Loome: A Trojan Horse to divert public funds to private schools
Note: The following opinion-editorial article is provided by Nancy Loome of The Parents’ Campaign (msparentscampaign.org) and president of The Parents’ Campaign Research & Education Fund (tpcref.org). Any opinions expressed in this article are that of the author and not necessarily those of this publication.
By Nancy Loome
The Children’s Promise Act – it has a nice ring. When legislators were told the law would benefit children in foster care, they adopted it with few questions asked. In reality, the legislation was a Trojan horse intended to create a publicly-funded revenue stream for private schools.
Mississippi’s Constitution states plainly that the Legislature’s obligation regarding K-12 education is to fund a system of public schools, free and open to all children. Our Constitution prohibits the use of state funds to subsidize private schools – or any school that charges tuition.
Undeterred, a few Mississippi lawmakers have taken pains – at times deceitfully so – to funnel state funds to private schools, in defiance of that constitutional mandate.
Voucher supporters devised the Children’s Promise Act, telling their legislative colleagues it would provide tax credits for donations to organizations that contract with our state’s Child Protection Services agency to house and serve children in foster care (Baptist Children’s Village, Methodist Children’s Home, etc.). Who could argue with that?
Omitted from their explanation was that the Children’s Promise Act directed half of the dollar-for-dollar tax credits, not to the benefit of foster care organizations, but to the benefit of private schools – schools not required to serve foster children. Crafty authors used careful wording to ensure that virtually any private school would qualify for the funds while giving the appearance of benevolence toward children with some disadvantage. For example, a private school is eligible for the maximum benefit of $405,000 annually if only one child who has a “chronic illness or disability” is enrolled. That could be attention deficit disorder, asthma, or an allergy. Last year, 90 private schools qualified. The state has no record of the number of disadvantaged children currently enrolled in those schools.
Past attempts to amend the law to direct all of the program’s tax credits to foster care services organizations have been swatted down, making clear that legislative backers’ priority is public revenue for private schools, not Mississippi’s most vulnerable children.

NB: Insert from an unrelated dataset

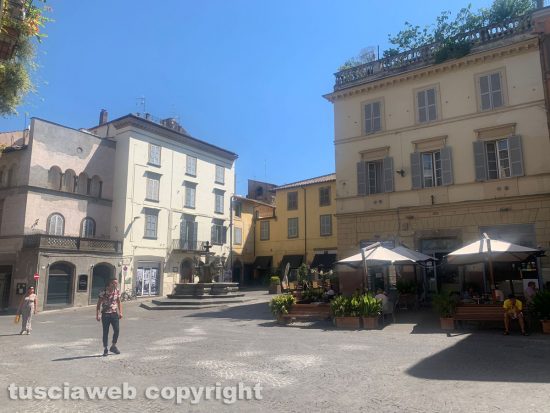 Viterbo - Ferragosto in città, turisti per le vie 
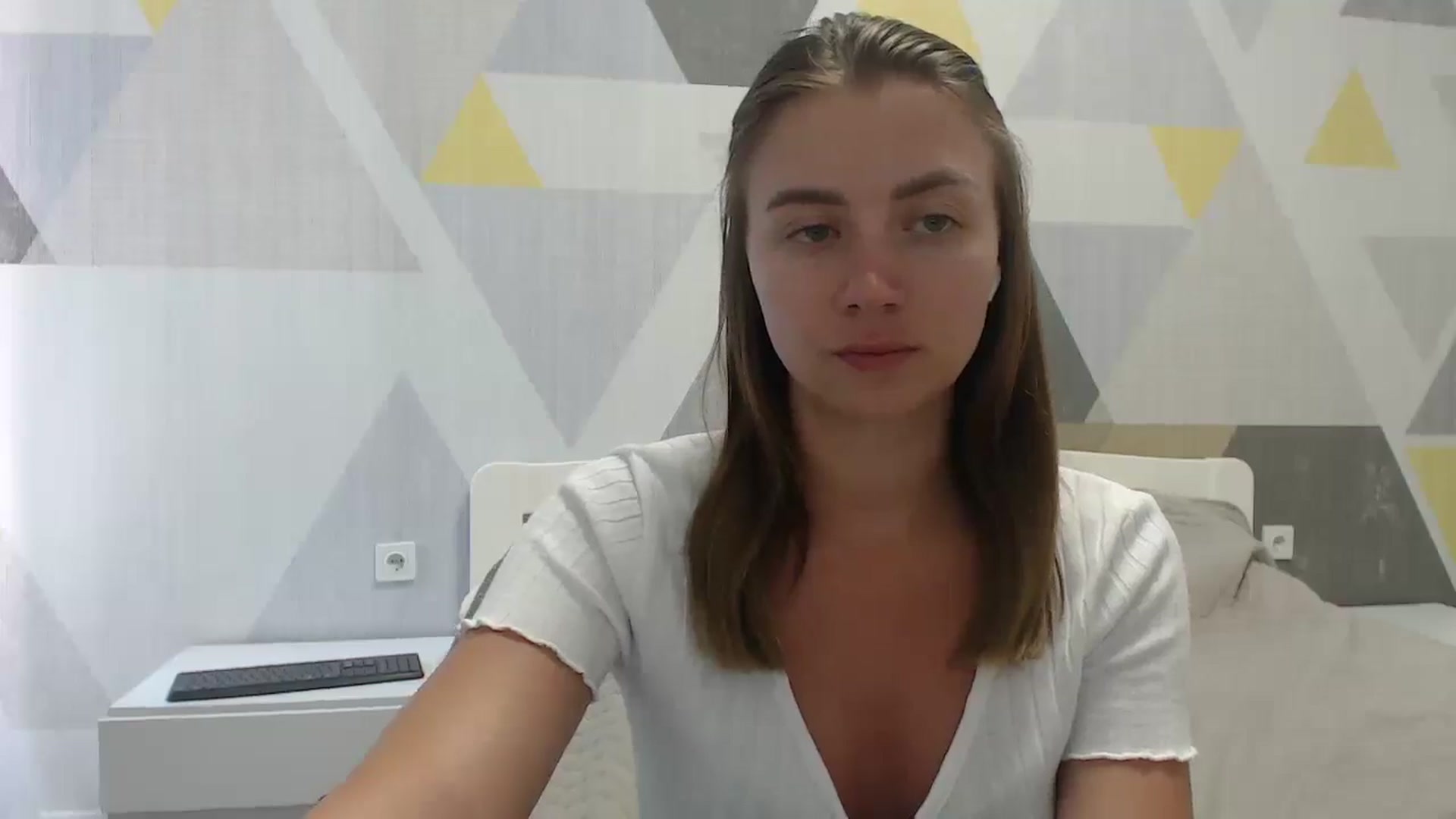 Gallery image thumbnail from Sulfate0's myfreecams stream on, 07/08/2025, 12:18 image 11 of 20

Little benevolence is required on the part of Children’s Promise Act donors, who get a dollar-for-dollar tax credit for contributions to their private schools, reducing that taxpayer’s tax liability by the donation amount. The private school gets the entire donation, with no accountability to the public who is footing the bill, while the state revenue available to fund our public schools and other public services is diminished.
This Trojan Horse isn’t a school choice measure. Unlike vouchers and school choice programs that purport to add choices for students, it doesn’t bother with pretense. It’s a straightforward government-funded subsidy for private schools that have no duty to admit new students via the tax credits.
Private schools simply get big chunks of the money intended for state coffers with zero obligation on the part of the school. No new students, no spending audits, no academic standards, no oversight whatsoever.
Not surprisingly, the Children’s Promise Act’s unencumbered revenue stream is private schools’ preferred means of receiving state funds, unburdened by expectations or public scrutiny. Also not surprisingly, the legislators who concocted the plan have made annual attempts to raise the cap on the millions in state dollars flowing to private schools through these tax credits.
With more than $37-million in state funds diverted to private schools through the Children’s Promise Act to date, perhaps taxpayers deserve some accountability, starting with audits to determine just how many disadvantaged children are being served in the schools that benefit from the program.
Senators should be lauded for defeating the massive increase that was attempted for this program in the 2024 session, but they will need to remain vigilant. More tax credits for private schools could pop up anywhere at any time. The Trojan horse jockeys are wily and determined.
Nancy Loome is executive director of The Parents’ Campaign (msparentscampaign.org) and president of The Parents’ Campaign Research & Education Fund (tpcref.org). She and her husband Jim have three grown children, all of whom graduated from Clinton Public Schools.